INSTRUCTIONS FOR THE TASK:
Below are some records. Reproduce them exactly from their first line through the line with "presentation final 06.09.2022", inclusive.

EXCERPTED RECORDS:
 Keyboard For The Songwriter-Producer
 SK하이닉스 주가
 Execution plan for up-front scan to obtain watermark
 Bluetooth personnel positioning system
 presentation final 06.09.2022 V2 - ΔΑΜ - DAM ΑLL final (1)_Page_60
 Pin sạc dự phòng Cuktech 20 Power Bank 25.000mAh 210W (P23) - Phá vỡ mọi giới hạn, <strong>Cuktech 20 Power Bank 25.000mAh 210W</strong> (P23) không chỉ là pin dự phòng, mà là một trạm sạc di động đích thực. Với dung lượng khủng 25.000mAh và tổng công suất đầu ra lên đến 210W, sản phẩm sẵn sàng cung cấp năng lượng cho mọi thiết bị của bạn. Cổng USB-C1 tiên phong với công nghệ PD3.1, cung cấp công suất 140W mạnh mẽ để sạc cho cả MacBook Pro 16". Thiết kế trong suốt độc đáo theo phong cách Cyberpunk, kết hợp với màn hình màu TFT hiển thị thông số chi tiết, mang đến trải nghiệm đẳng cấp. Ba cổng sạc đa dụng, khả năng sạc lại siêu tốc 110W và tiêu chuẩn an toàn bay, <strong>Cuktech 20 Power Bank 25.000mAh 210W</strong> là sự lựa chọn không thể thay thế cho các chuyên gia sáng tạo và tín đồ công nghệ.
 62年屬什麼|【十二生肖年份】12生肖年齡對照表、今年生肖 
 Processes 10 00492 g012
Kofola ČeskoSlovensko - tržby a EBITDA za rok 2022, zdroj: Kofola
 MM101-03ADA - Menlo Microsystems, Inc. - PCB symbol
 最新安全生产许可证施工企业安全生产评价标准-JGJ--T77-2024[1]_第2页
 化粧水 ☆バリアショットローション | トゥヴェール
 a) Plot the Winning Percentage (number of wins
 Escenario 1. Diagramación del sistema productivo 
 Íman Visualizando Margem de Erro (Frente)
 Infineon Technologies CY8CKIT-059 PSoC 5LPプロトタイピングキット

RESULT OF THE EXERCISE:
 Keyboard For The Songwriter-Producer
 SK하이닉스 주가
 Execution plan for up-front scan to obtain watermark
 Bluetooth personnel positioning system
 presentation final 06.09.2022 V2 - ΔΑΜ - DAM ΑLL final (1)_Page_60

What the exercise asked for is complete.